# The Barometer Inkstand Pat Nov 16, 61'



## Topusmc (Dec 10, 2013)

Picked this one up at the local Goodwill last sat.  Have not seen one of these before, only one I can find an the Auction Catalogs is from 1990.


----------



## epackage (Dec 10, 2013)

Very strange, I just saw someone else post somewhere about this same inkstand, very cool, congrats...


----------



## surfaceone (Dec 10, 2013)

Hey James, I wanna see bigger and better photos of that, please, from multiple angles. Looks very cool. There's an ad with a picture on page 111 of the "Advertising Department" near the bottom of the page of this 1862 Toronto Directory: http://static.torontopubliclibrary.ca/da/pdfs/37131055376883d.pdf listed under Cutter & Tower Co., Stationers & Paper Dealers, 89 Devonshire St., Boston. 

​

​"Barometric Ink Stand, patented 1861-67 
by Thomas Hudson, advertised 1878-81, still marketed in 1905. In 1905, it was manufactured by Cutter Tower Co., Boston, MA, which said at the time that the inkstand had been sold continuously since 1861." http://www.earlyofficemuseum.com/Pens.htm​


----------



## Topusmc (Dec 11, 2013)

Posted two additional photos in Best of the Best under "Barometer Inkstand"


----------



## surfaceone (Dec 11, 2013)

Over here, James? https://www.antique-bottles.net/forum/photo.aspx?photoid=264&albumid=25 Don't be stingy with the photos now. [8D] That Inkstand deserves wall to wall coverage, a foldout, and more story, in my opinion. Great find, sir. Did the Goodwill guys have a clue on this?
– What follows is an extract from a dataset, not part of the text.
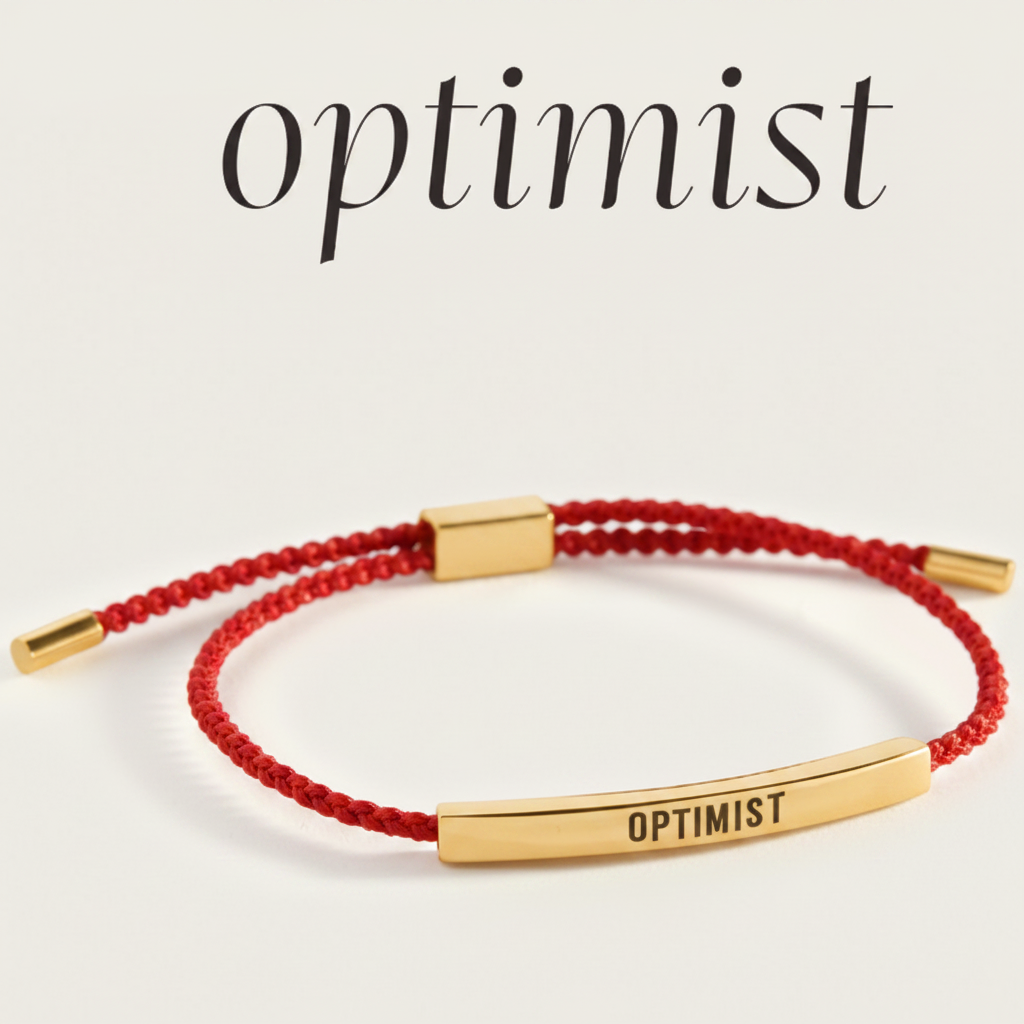 Optimist Inspire Bracelet in Lucky Red, gold by Seeyoura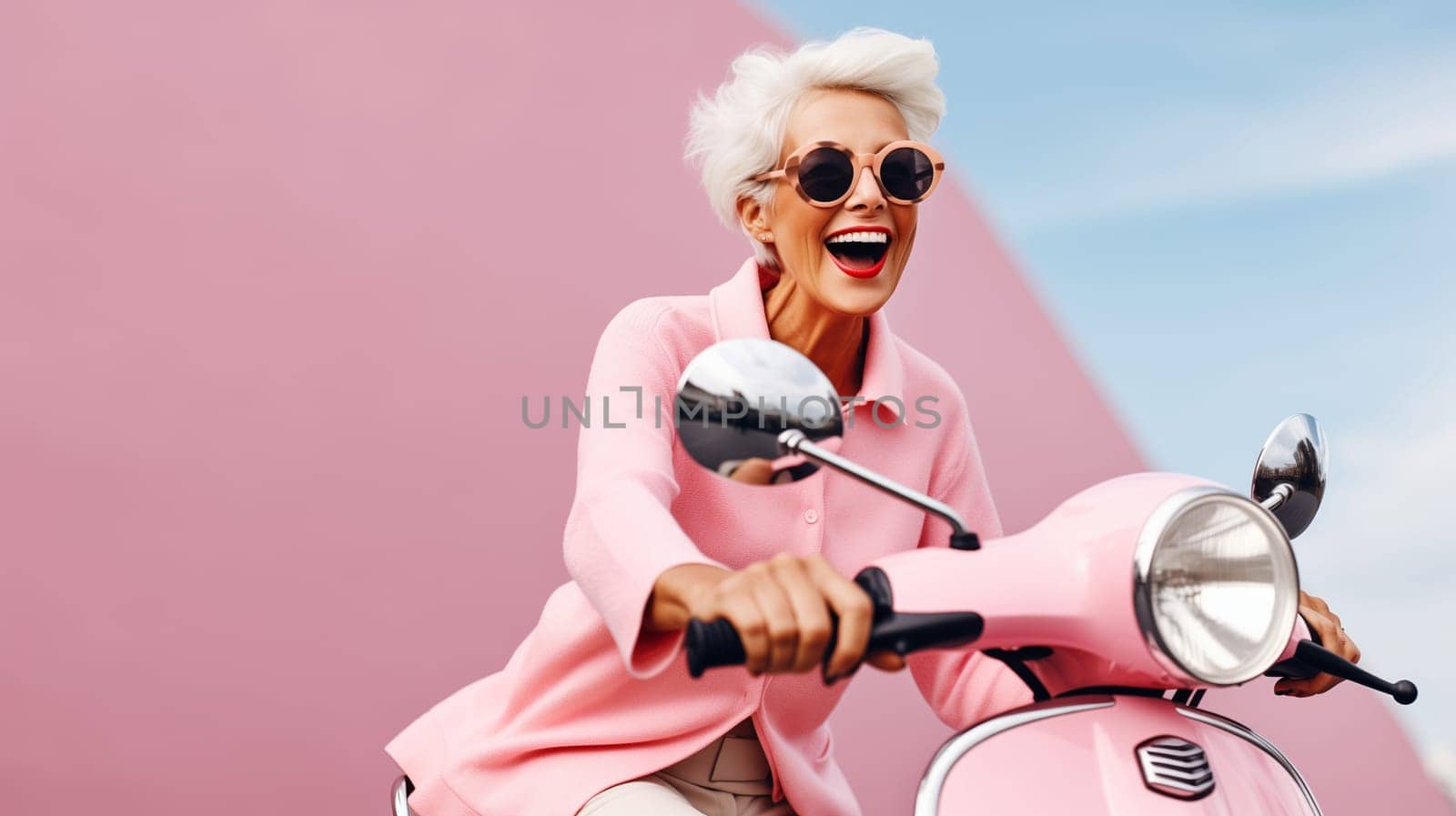 Cheerful happy senior woman riding pink scooter, stylish elderly driver drive moped, summer vacation by Rohappy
What, may I ask, was the price? http://www.ebay.com/itm/BAROMETER-INKWELL-1860s-Inkstand-Ink-Well-Antique-Vtg-Old-for-Parts-/310663833465 http://www.prices4antiques.com/Inkwell-Barometer-Brass-Pen-Rack-Glass-Reservoir-Patent-1861-5-inch-A073637.html


----------



## Topusmc (Dec 12, 2013)

Paid $63, when I saw it, it stopped me dead in my tracks.  Will post a few more tonight, thats all I had loaded to the computer.


----------